▶ [Exercise] Beginning with the first line below, output every record verbatim and leave out the images.

====== Dataset records ======

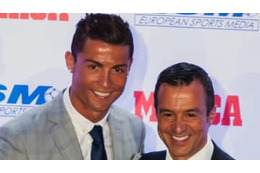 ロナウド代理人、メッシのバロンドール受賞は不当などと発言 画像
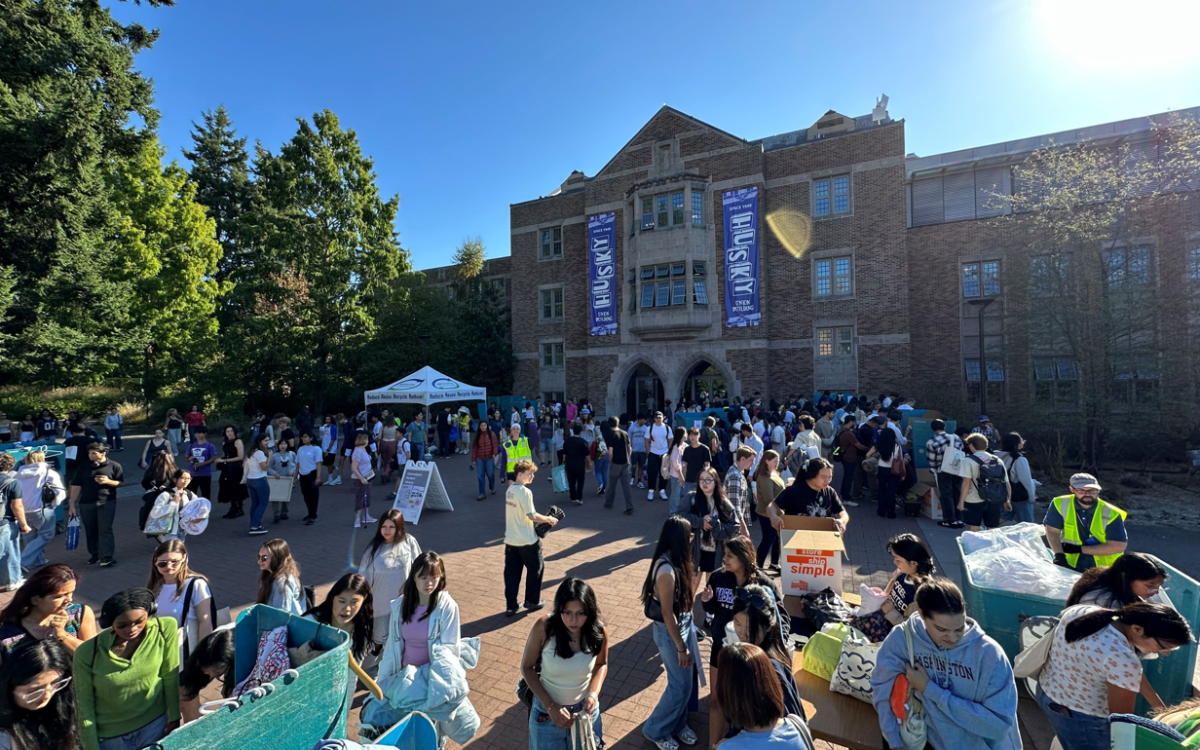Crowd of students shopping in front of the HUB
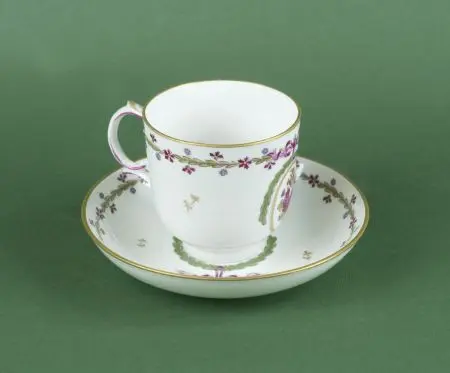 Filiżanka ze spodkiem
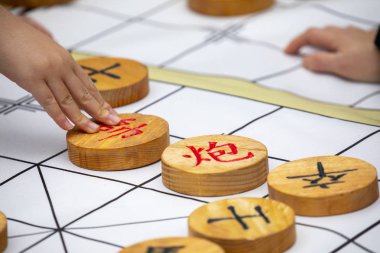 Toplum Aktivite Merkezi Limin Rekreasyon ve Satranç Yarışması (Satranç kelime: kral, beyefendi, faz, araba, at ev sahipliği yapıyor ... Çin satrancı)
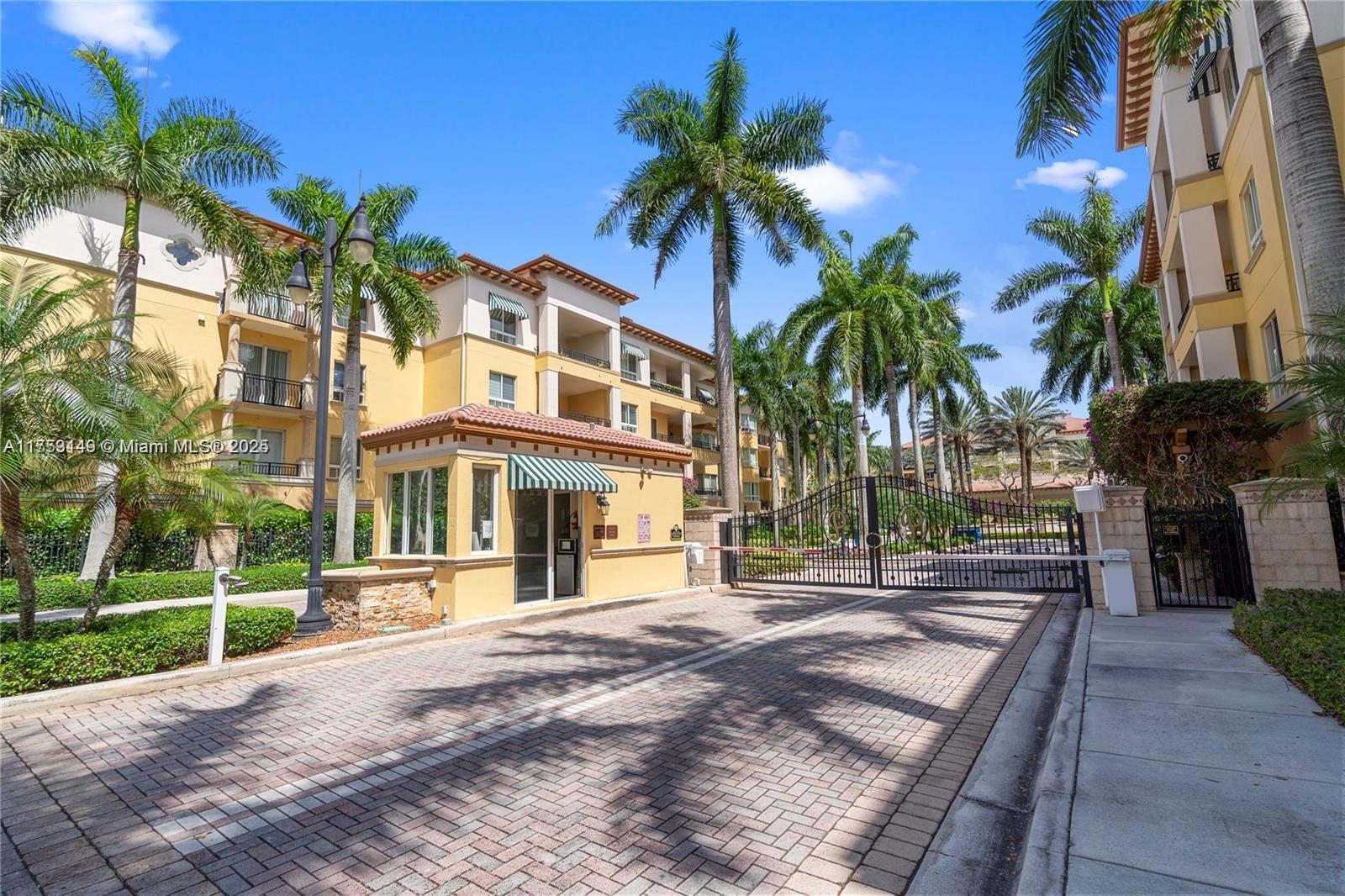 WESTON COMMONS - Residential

======

▶ [Output of the exercise]
 ロナウド代理人、メッシのバロンドール受賞は不当などと発言 画像
Crowd of students shopping in front of the HUB
 Filiżanka ze spodkiem
 Toplum Aktivite Merkezi Limin Rekreasyon ve Satranç Yarışması (Satranç kelime: kral, beyefendi, faz, araba, at ev sahipliği yapıyor ... Çin satrancı)
 WESTON COMMONS - Residential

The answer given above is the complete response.